姉が倒したでかいネズミは、しばらくするとそのままスゥーッと消えていき、ポツンと何かが残された。ドロップアイテムが出現したのだ! しかし、あのネズミの名前が安直で脱力する。ミニュラットとかピッコラットときて、ビッグラットってそのままじゃん!


橘家は瀕死の人の救命を怠ったとして、レオンさんに怒られたあと、怯えた子どもたちのケアと解毒ポーションにより症状が落ち着いた人の手当てをしています。


「一階のフロアには弱い魔物しか出ないのでは?」


それとも、あのネズミはでかいだけで弱いと? 毒で死にそうになった人がいるのに? あのレベルが子どもでも倒せる激弱魔物だったら、もう橘家の冒険者活動は暗澹たる未来しか見えん。

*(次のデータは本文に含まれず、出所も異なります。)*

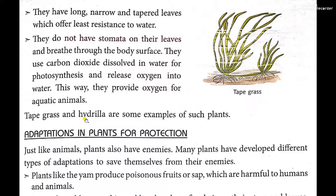So these are the three types of aquatic plants: free floating aquatic plants, fixed floating aquatic plants, and submerged or underwater aquatic plants. You need to learn their special adaptations along with at least two examples of each.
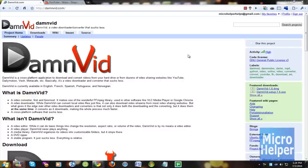Download videos on YouTube and any other websites that are supported by this program called, hence the name, DamnVid.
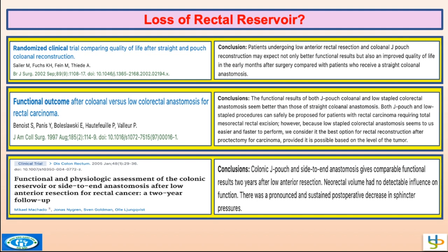There are many papers analyzing the quality of results after coloanal and low colorectal anastomosis for rectal carcinoma using a reservoir — J-pouch, colonic reservoir — and comparing side-to-hand anastomosis with both. It seems that if the colonic J-pouch is useful, it is mainly useful during the first six months to one year, but at two years the results are similar.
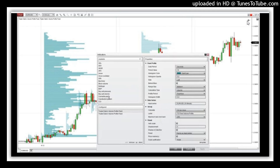Let me show you the fixed profile on crude oil futures. This is a crude oil futures chart, 30-minute chart with weekly profiles. You can also merge those profiles as I showed you before, and you can also use the fixed profiles for any other trading instruments like stocks.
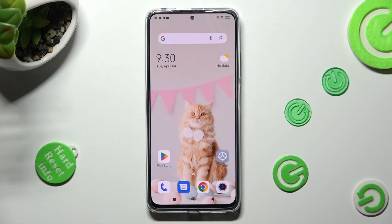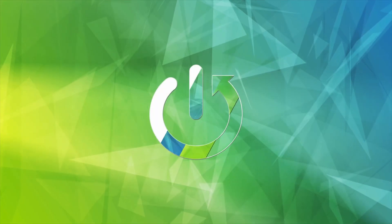Hi, in front of me is Redmi Note 11 Pro, and today I would like to show you how you can switch on or off app notifications on this device.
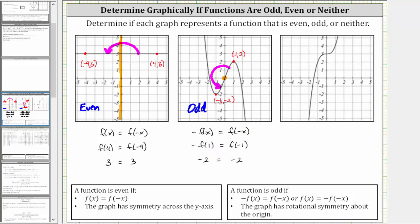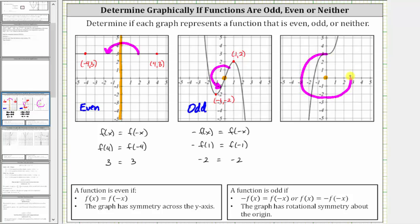For the last graph, if we try to fold this graph across the y-axis, the two halves do not match up perfectly, and therefore this is not an even function. Let's see if it has rotational symmetry about the origin. If we turn or rotate this graph about the origin, to make the graph look exactly the same we would have to rotate it one complete rotation, and therefore this does not have rotational symmetry about the origin. So this graph represents a function that is neither odd nor even.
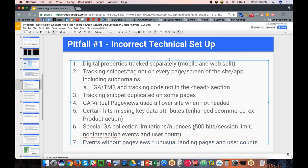With GA Premium, or GA 360 — the enterprise version of Google Analytics — there's actually a higher limit of 2,000 hits per session upon request. So if you're an organization that has invested in GA 360, you can request a higher hits-per-session limit as well.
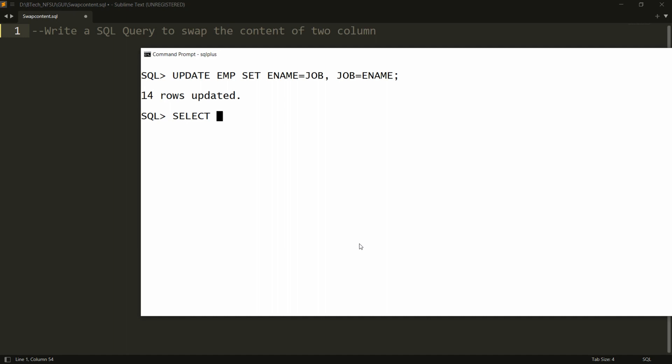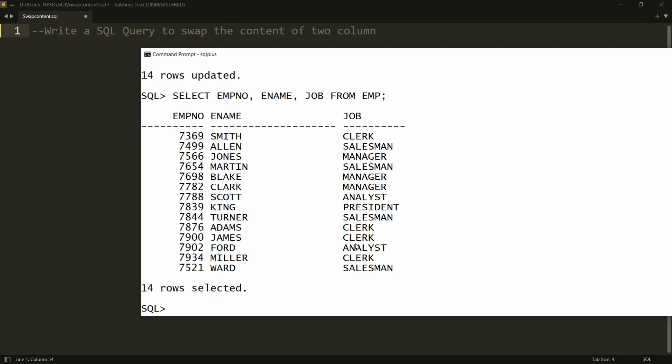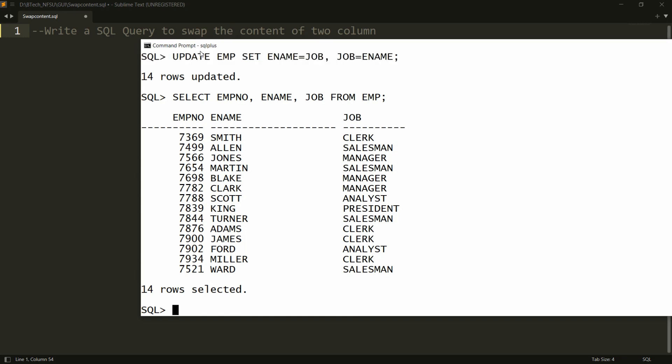Now you can check the data: SELECT EMPNO, ENAME, JOB FROM EMP. And you will be able to see that in the name column all the names are there, and in the job column all the designations are there.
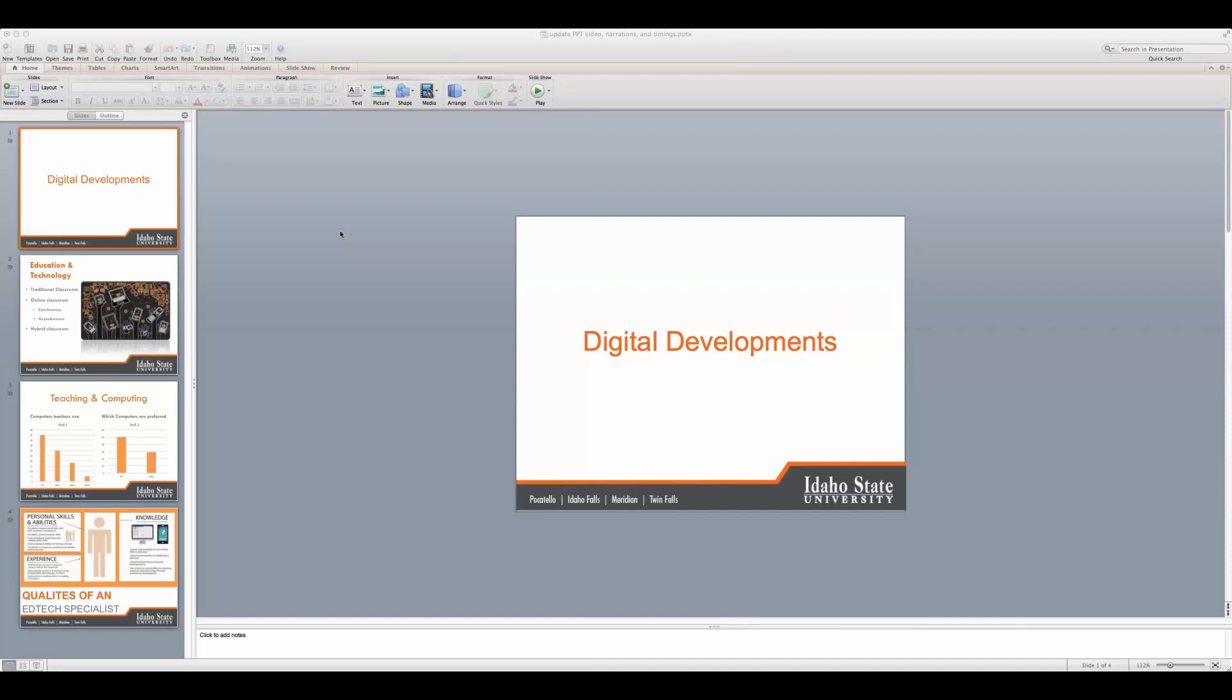Welcome to this video tutorial. We will be discussing how you can create narrations and set animation timings all at once on PowerPoint 2011 for Mac.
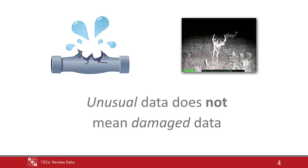Unusual data does not always mean damaged data. In the end, the documentation created with TDCX should be used when performing the data summary to determine if this data should be included or not.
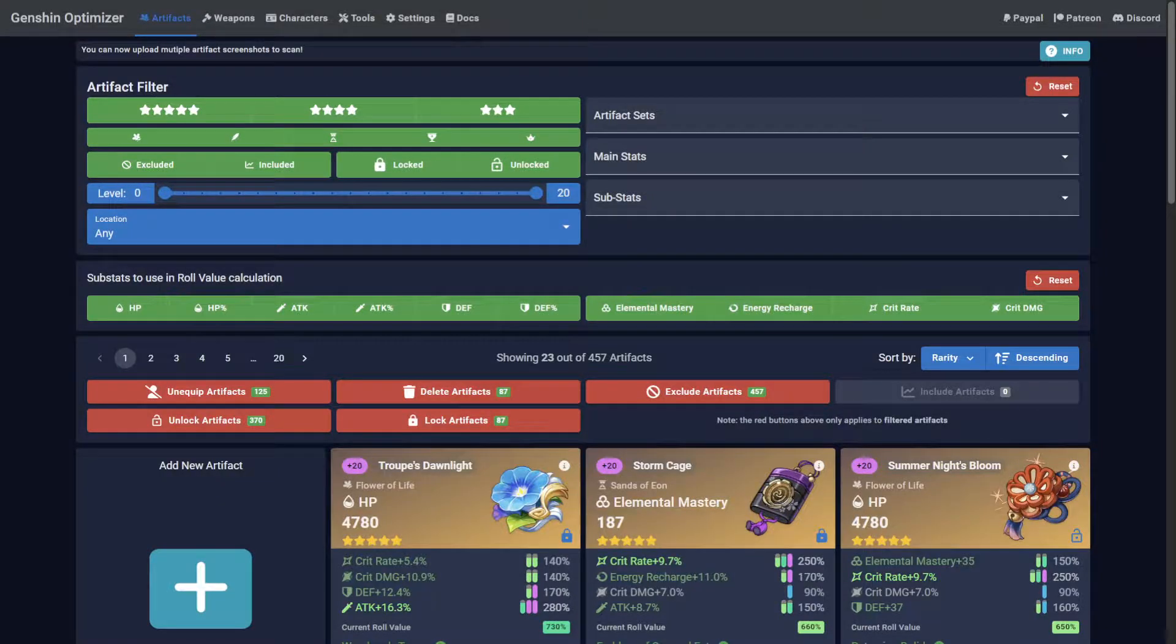Welcome to Genshin Optimizer, where mentioning crit value is a bannable offense. In this guide, I'll show you how to use the artifact filtering options.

「いや、ビッグラットは五階以上のフロアに出現する。子どもの引率を任されたギルド職員でも倒せるが……複数の子どもを守りながらでは、ちょっと厳しい」


レオンさんが同情する眼差しを、スコースコーと寝息を立てている人へ向ける。ああ……ダンジョンに潜るぐらいだからある程度の実力はあるだろうけど、子どもを守って倒すのは至難の業ってことね。ネズミ……素早かったもの。

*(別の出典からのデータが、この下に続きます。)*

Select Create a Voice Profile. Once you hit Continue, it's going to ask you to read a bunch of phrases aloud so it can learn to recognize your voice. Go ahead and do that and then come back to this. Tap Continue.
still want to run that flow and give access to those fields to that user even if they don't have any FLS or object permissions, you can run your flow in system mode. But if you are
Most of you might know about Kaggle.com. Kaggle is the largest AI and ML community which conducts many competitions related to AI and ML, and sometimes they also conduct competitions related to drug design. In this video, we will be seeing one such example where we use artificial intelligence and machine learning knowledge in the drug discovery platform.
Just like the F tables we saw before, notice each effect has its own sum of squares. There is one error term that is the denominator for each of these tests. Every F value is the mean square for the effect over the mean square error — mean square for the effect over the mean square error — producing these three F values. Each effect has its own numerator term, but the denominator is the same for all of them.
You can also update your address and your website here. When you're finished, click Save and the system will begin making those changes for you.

「ビッグラットはそんなに素早くない。ただ、体当たり攻撃があるから油断はできない」


そして、爪や牙にある毒も猛毒であると……。怖っ、ダンジョンってやっぱり怖い!


「……あのぅ」


うにゃ~んというシンシャのご機嫌な声とともにかけられる子ども特有の高めな声。ぐりんと振り向けばシンシャをもふりながらこちらを窺う子どもたちの不安そうな顔があった。


「あ……」


最初に怪我はないか確認はしたけど、そのあとは解毒ポーションを飲ましたり、黒い血を振りかぶった姉の頭や顔を濡れタオルで拭いたりしていて、忘れてた。いけない、いけない。


「ああ、ごめんね。この人が目を覚ましたら君たちもダンジョンを出ようね」


一人、一人、目を合わせて声をかける。男の子が三人に女の子が二人。小次郎と同じくらいの年齢に見える男の子二人が一番年上かな? 


「……まだ、アイテム拾いできてない」


「うぐっ」


そうだ、この子たちは生活のためにダンジョンに潜っているんだ。親がいなかったり、親が働けなかったりして生活が困窮しているんだった。


「お兄ちゃん……どうする?」


「どうするって、引率者がぶっ倒れているしなぁ」


引率のギルド職員と血まみれの姉は仲良く並んで横になっている。どっちにしろ、姉が目覚めなければ私たちもダンジョンから出れないし。


「代わりに子どもたちの引率してくれば?」


「……そうするか……。小次郎も連れて行って、フォレスがいれば危険もないだろう」


兄は鞄からお菓子を出すと子どもたちに配り始めた。一緒に行動するのに仲良くなろう作戦である。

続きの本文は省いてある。